There are some questions that I’m asked over and over again by clients, awesome people on the internet, and creative friends too.
I love answering them as openly and honestly as possible and I realised recently that it may just be easier to answer some of the most frequently asked questions all in one place for everyone who is curious about the answers to read. So here are answers to ten of the questions you may have wanted to pick my brain about:
1. How do you balance your relationship, your friendships, your life, and your business?
For my first year in business I found this really, really, tough. There were weeks when, even though we live together, Alex and I would only really spend time together over dinner (and even then I’d be half paying attention to whatever task I was working on) or when I’d be talking about my work and needing his feedback and support. I’d struggle even more to make time for friends and family, and self-care and “me time” was feeling like a thing of the past too. It felt really crappy and wasn’t how I wanted to live my life so this year I decided to change that.

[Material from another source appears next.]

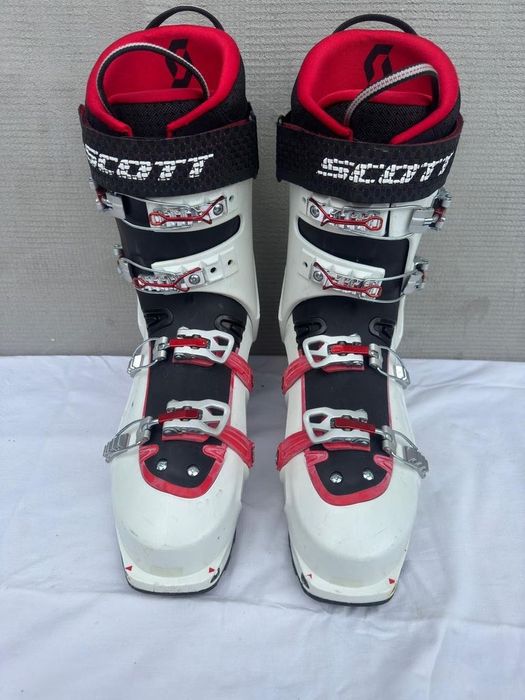 Clapari ski schi tura skimo Scott Cosmos II Carve marime EUR:45.5 Mondo:30.0 last:103.5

My honest answer now is this - I make time for the things that matter to me, and my business isn’t the only thing that matters to me and I’m no longer afraid to not have it as my number one focus every single hour of the day. My relationship will always be one of the biggest priorities in my life, and I never want my work to steal all my time and energy throughout the week - the life we’re building together means more to me than anything and the more I nurture it the more I feel peaceful and fulfilled in my life. My close friendships bring me so much joy and I always try and make time for my friends as much as possible - but I won’t lie, sometimes this is the area where I feel like I’m “failing” the most when it comes to managing and prioritising my time. If our families need us, I never question making time for them no matter what our schedules look like. And as for self-care and “me time”, it’s now a non-negotiable - because it enables me to be better at my work and be more present and open in my relationships too.

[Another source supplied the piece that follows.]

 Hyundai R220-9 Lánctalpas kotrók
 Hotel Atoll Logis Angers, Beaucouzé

2. What are your favourite must-read blogs?
The blogs I return to and read over and over again are Alexandra Franzen, Braid Creative, The Fresh Exchange, Zen Habits, Un-Fancy, No Sidebar, Design For Mankind, Nishaantishu, The Financial Diet, and Jenna Kutcher.
3. How do you deal with imposter syndrome?
I spoke about this a little in recent Make It Happen mini episode here, but the general gist of it is that I try and face imposter syndrome head on whenever it shows up in my life. Whenever I start to feel like I’m a fraud, or not worthy of the life I’ve built for myself, I try and question all of those negative thought patterns that creep up along the way. I surround myself with reminders that I am good at what I do, and that I do have permission to pursue my goals and dreams, and when things get really tough I turn to the people in my life who see what I’m capable of even when I can’t see it myself.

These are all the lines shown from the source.